The full listing should be written out verbatim, and its images should be dropped.

### Collected material
== == ==

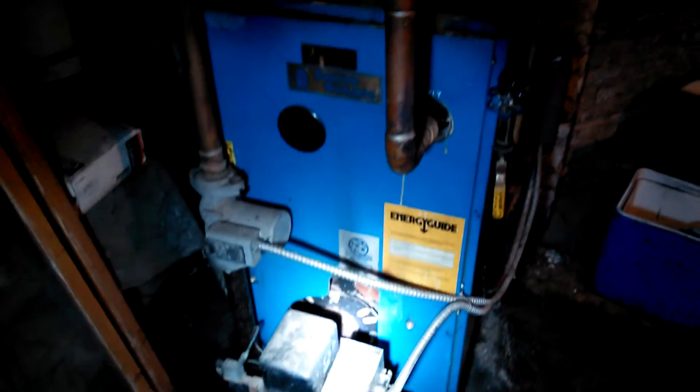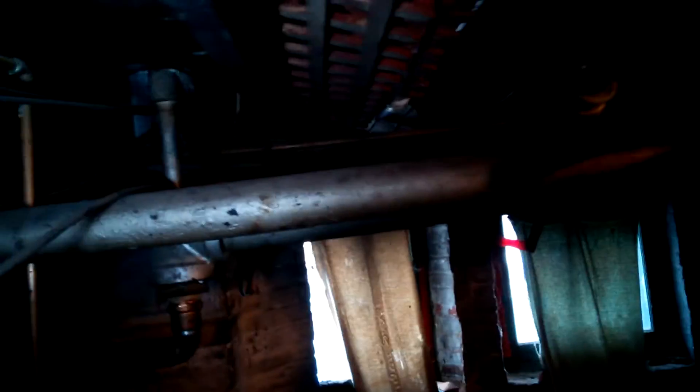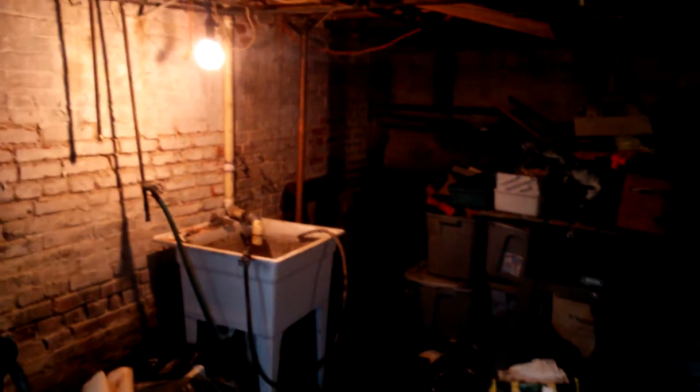Oil boiler — definitely would need a good cleaning. Floor joists look in good shape on the outside walls. Another basement door here to get out.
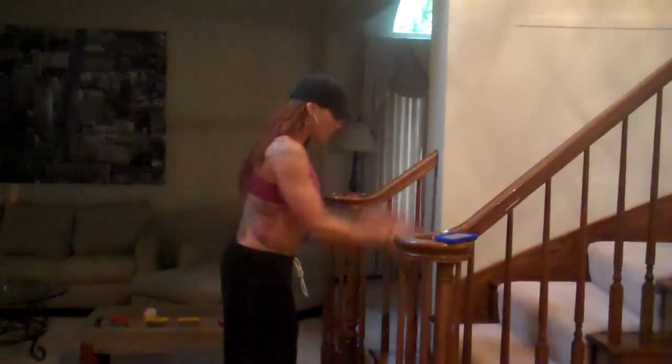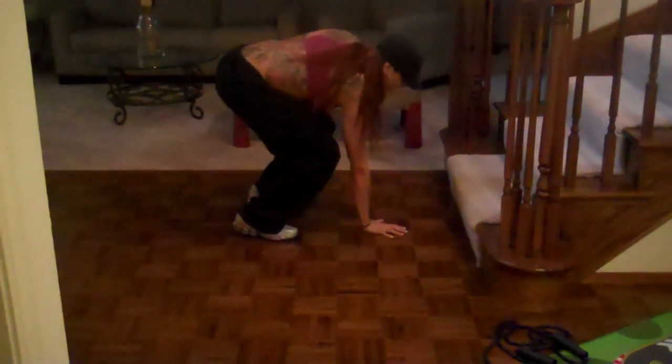Now what I'm going to do is a jump squat on my stairs — jump up two steps, jump up, jump down. Or you could just do a regular jump squat. Single arm or double arm burpee: put one arm down, open up that chest, burpee — single arm — and alternate, go back and forth.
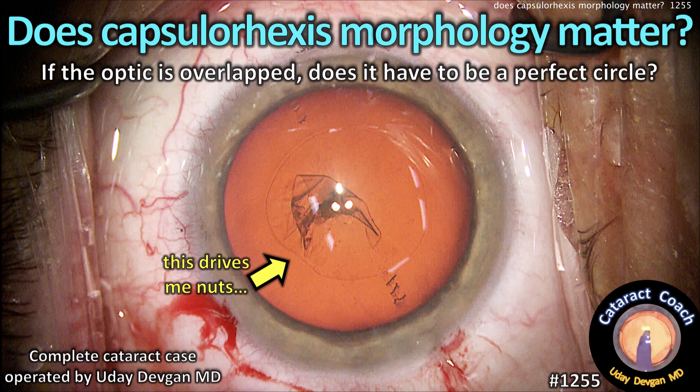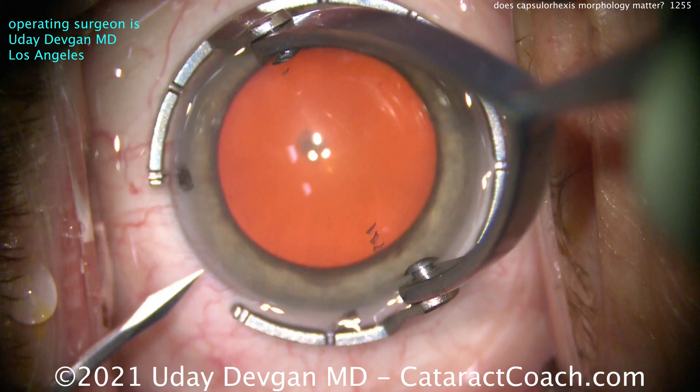Does capsular axis morphology matter? I mean, if the optic is overlapped, does it even have to be a perfect circle?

== == ==

### Written solution
Oil boiler — definitely would need a good cleaning. Floor joists look in good shape on the outside walls. Another basement door here to get out.
Now what I'm going to do is a jump squat on my stairs — jump up two steps, jump up, jump down. Or you could just do a regular jump squat. Single arm or double arm burpee: put one arm down, open up that chest, burpee — single arm — and alternate, go back and forth.
Does capsular axis morphology matter? I mean, if the optic is overlapped, does it even have to be a perfect circle?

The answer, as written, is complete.